DESTINY-Breast01 is a pivotal phase 2, open-label, global, multicenter, two-part trial of [fam-] trastuzumab deruxtecan. The optimal dose of 5.4 mg/kg was previously identified in part one of the trial. Today’s results from part two evaluated the efficacy and safety of that dose in patients who have failed or discontinued previous treatment with T-DM1.

"These results confirm our commitment to pursue accelerated regulatory pathways in HER2 positive metastatic breast cancer with [fam-] trastuzumab deruxtecan," said Antoine Yver, MD, MSc, Executive Vice President and Global Head, Oncology Research and Development, Daiichi Sankyo. "We are more dedicated than ever to our comprehensive and ambitious development strategy evaluating the potential across a spectrum of HER2expressing cancers including breast, gastric, lung and colorectal."

"We are encouraged to see positive data from [fam-] trastuzumab deruxtecan, with the DESTINY-Breast01 trial now reinforcing what earlier data have shown," said José Baselga, Executive Vice President and President R&D Oncology, AstraZeneca. "We believe this antibody drug conjugate has the potential to redefine the treatment of patients with HER2 expressing cancers, and we are eager to bring it as quickly as possible to patients with refractory HER2 positive breast cancer who continue to have high unmet medical need."

[Fam-] trastuzumab deruxtecan has been granted U.S. FDA Breakthrough Therapy Designation and Fast Track Designation for HER2 positive patients in the advanced or refractory breast cancer setting.

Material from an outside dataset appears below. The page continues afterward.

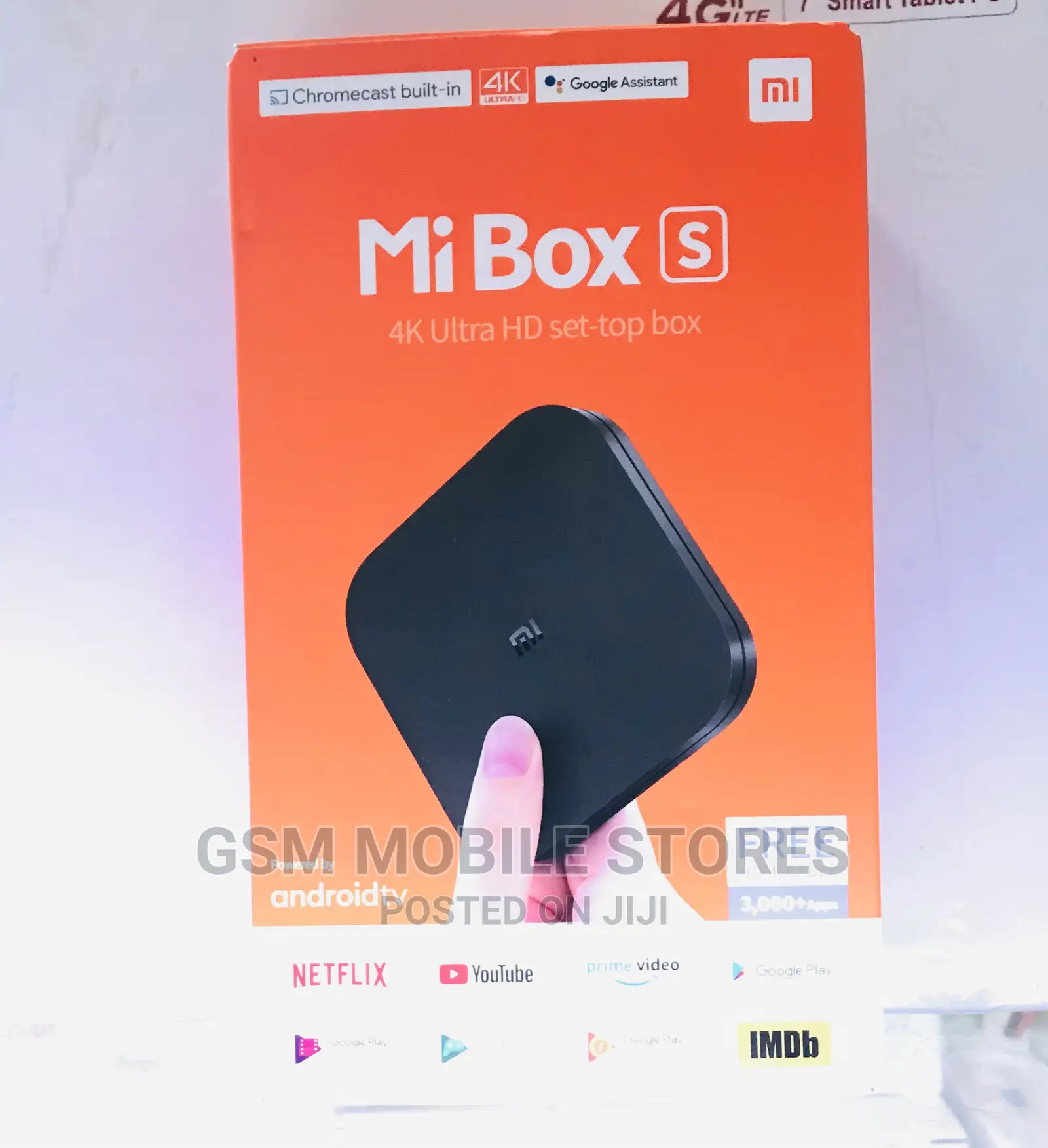 Mi Box S Smart WIFI Bluetooth 4K HDR Android TV Box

A recent publication in The Lancet Oncology reported long-term phase 1 safety and preliminary efficacy results in HER2 positive metastatic breast cancer. This investigational agent is currently in development for the treatment of multiple HER2 expressing cancers, including in patients with HER2 low expression.

Daiichi Sankyo and AstraZeneca plan to present the data from DESTINY-Breast01 at an upcoming medical meeting.

About HER2

HER2 is a tyrosine kinase receptor growth-promoting protein found on the surface of some cancer cells that is associated with aggressive disease and poorer prognosis in breast cancer patients.[1] To be considered HER2 positive, tumor cancer cells are usually tested by one of two methods: immunohistochemistry (IHC) or fluorescent in situ hybridization (FISH).IHC test results are reported as: 0, IHC 1+, IHC 2+, or IHC 3+.1 A finding of IHC 3+ and/or FISH amplification is considered positive.1There are currently no targeted therapies for HER2 FISH negative, IHC 2+ or IHC 1+ tumors.

Unmet Need in HER2 Positive Breast Cancer

Approximately one in five breast cancers are HER2 positive.[2]Several unmet treatment needs remain today in HER2 positive metastatic breast cancer. Many HER2 positive breast cancers eventually advance to the point where no currently approved HER2 targeting medicine continues to control the disease;[3] after treatment with trastuzumab, pertuzumab, and T-DM1, optimal treatment is less clearly defined, and choices may be limited.[4]

About DESTINY-Breast01

DESTINY-Breast01 is a pivotal phase 2, open-label, global, multicenter, two-part trial evaluating the safety and efficacy of [fam-] trastuzumab deruxtecan in patients with HER2 positive unresectable and/or metastatic breast cancer previously treated with T-DM1. The primary endpoint of the trial is objective response rate. Secondary objectives include duration of response, disease control rate, clinical benefit rate, progression-free survival and overall survival.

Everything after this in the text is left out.